2) Resource Type: To accommodate the various kinds of official documents that could be produced within NMRT, a pre-made pull-down list of document types was attached to the Resource Type element (Figure 7). Task force members could select from such document types as Constitution and Bylaws, Statement of Function, Membership List, Report, and Minutes. (The authorized list of resource types is given in appendix C of the NMRT Archives Policy for Electronic Documents.)
(Figure 7) Pull-down list of Resource Types
3) Format: Since so much depends on the nature of the documents being entered and/or searched in the archives database—that is to say, whether they are in HTML or PDF format—an authorized list of standard formats was also provided via a pull-down feature attached to the Format element (Figure 8). (The authorized list of standard formats is given in appendix D of the NMRT Archives Policy for Electronic Documents.)
(Figure 8) Pull-down list of Standard Formats
4) Descriptions in Guidelines for Data Entry: Finally, since there were so many people involved in entering data into the archives database, sample statements were given in the procedural guidelines for the wording to be used in the Description field of each set of minutes. The statements were intended to facilitate the data entry process for task force members and, more importantly, to enhance the search and retrieval process for end users. The following is a sample
statement used in the Description field for NMRT minutes: “Minutes of the [1st, 2nd, 3rd?] [year] [MW/Annual?] meetings of the NMRT Executive Board held at the ALA in [place] recording business conducted by the board, including personnel actions, resolutions, and policy decisions.”
There was also a sample statement provided in the procedural guidelines that showed task force members how to formulate the pre-approved Uniform Resource Locator (URL) string. This special URL, consisting of the source document filename (in box) plus the server path, serves to identify the file once it is loaded onto the Web server at
PHASE III: IMPLEMENTATION
Phase III involved a complete synthesis of the steps taken in Phase I (project preliminaries) and Phase II (database construction).
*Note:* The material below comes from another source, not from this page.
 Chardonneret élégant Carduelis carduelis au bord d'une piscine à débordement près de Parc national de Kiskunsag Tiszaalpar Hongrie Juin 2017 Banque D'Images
The objective of this final phase of the project was to begin the actual record creation, indexing, and data entry of the newly converted NMRT minutes into the archives database. But before this could be done, it was necessary to create a complete set of standard procedures and guidelines for the inputting process of the many documents at hand. Without an official set of procedural guidelines, there would have been major problems with consistency since, with the exception of the co-chairs, none of the task force members had ever used the administrative interface of the database before and were unfamiliar with the intricacies of metadata creation and full-text indexing. For these reasons, every step in the inputting process had to be clearly explained and documented by the co-chairs. The resulting document is entitled Procedures for Inputting Records into the Database (2002).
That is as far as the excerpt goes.